## DATA SHOWN
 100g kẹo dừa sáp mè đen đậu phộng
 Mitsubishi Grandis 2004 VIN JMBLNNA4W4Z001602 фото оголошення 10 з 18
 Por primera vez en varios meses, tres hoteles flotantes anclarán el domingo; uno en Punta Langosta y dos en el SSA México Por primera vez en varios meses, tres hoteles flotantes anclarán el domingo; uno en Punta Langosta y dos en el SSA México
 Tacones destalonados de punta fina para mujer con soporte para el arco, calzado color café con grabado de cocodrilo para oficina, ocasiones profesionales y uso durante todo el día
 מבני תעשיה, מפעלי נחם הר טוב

* * *

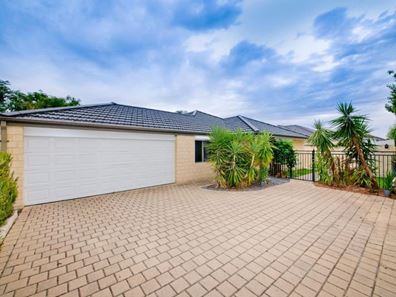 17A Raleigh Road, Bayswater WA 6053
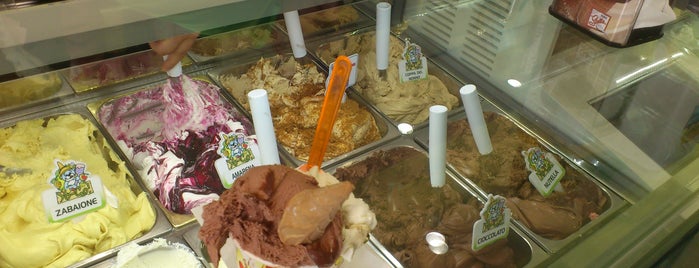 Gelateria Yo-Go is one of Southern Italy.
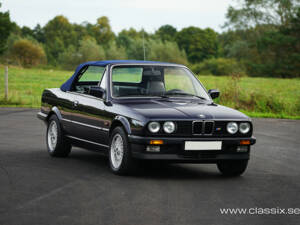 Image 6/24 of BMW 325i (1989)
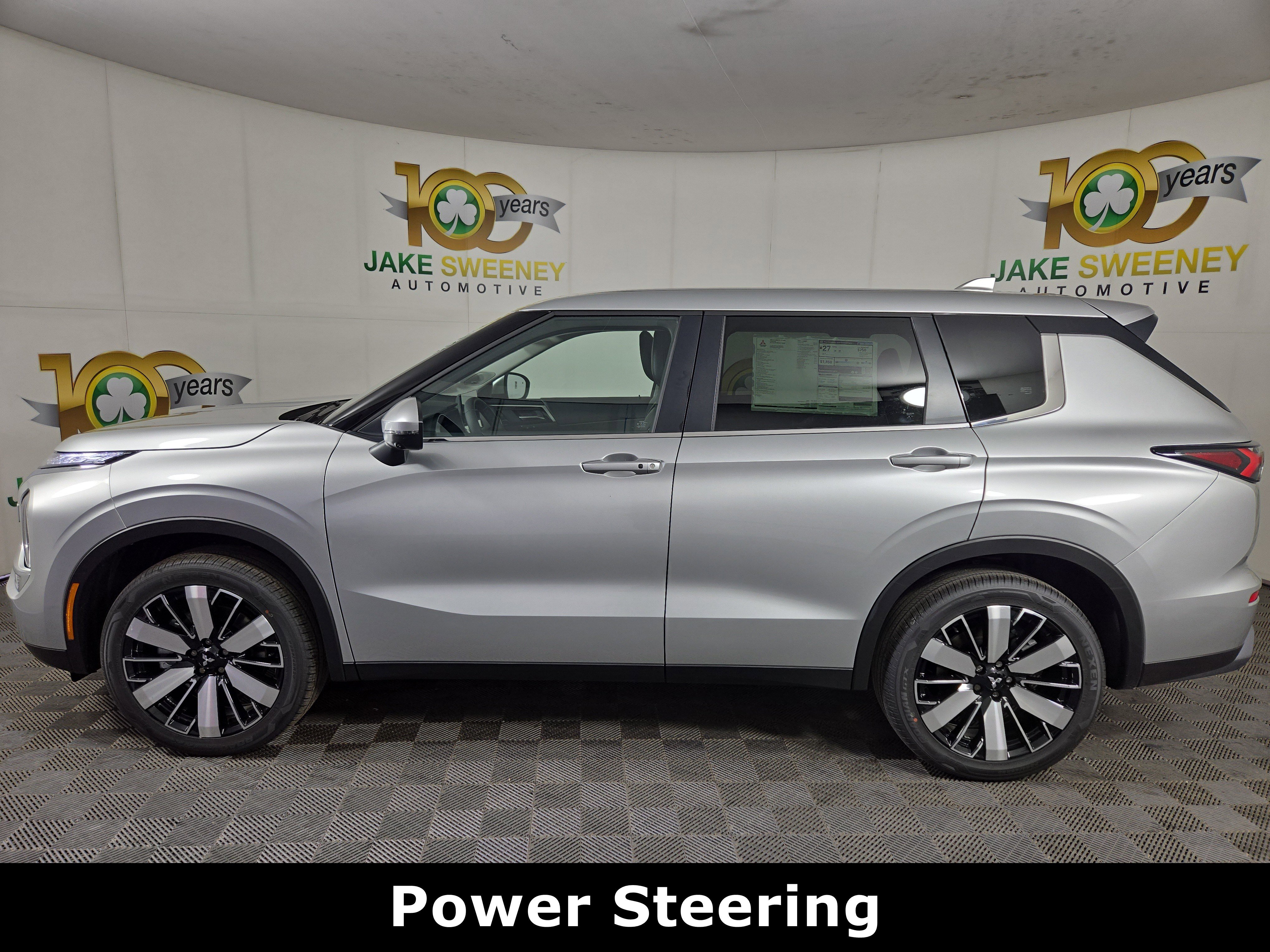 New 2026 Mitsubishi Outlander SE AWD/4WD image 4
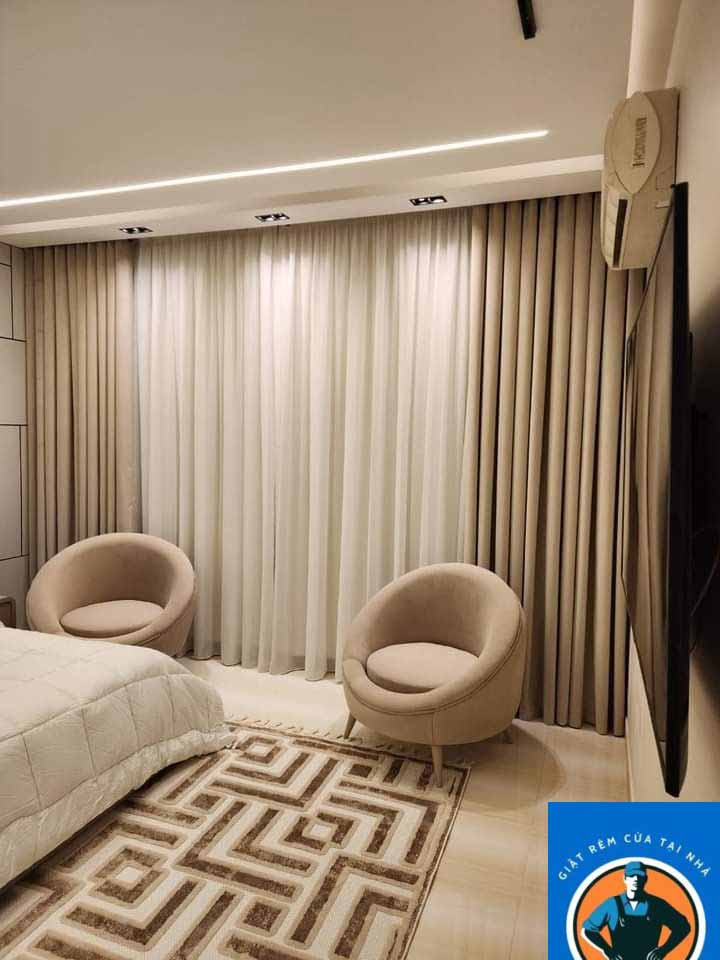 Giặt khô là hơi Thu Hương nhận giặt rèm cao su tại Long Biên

## EXERCISE DESCRIPTION
Could you reproduce exactly the lines of the entries above, from the one with "100g kẹo dừa sáp mè đen đậu phộng" through the one with "מבני תעשיה, מפעלי נחם הר טוב", and nothing else?

## REPLY
 100g kẹo dừa sáp mè đen đậu phộng
 Mitsubishi Grandis 2004 VIN JMBLNNA4W4Z001602 фото оголошення 10 з 18
 Por primera vez en varios meses, tres hoteles flotantes anclarán el domingo; uno en Punta Langosta y dos en el SSA México Por primera vez en varios meses, tres hoteles flotantes anclarán el domingo; uno en Punta Langosta y dos en el SSA México
 Tacones destalonados de punta fina para mujer con soporte para el arco, calzado color café con grabado de cocodrilo para oficina, ocasiones profesionales y uso durante todo el día
 מבני תעשיה, מפעלי נחם הר טוב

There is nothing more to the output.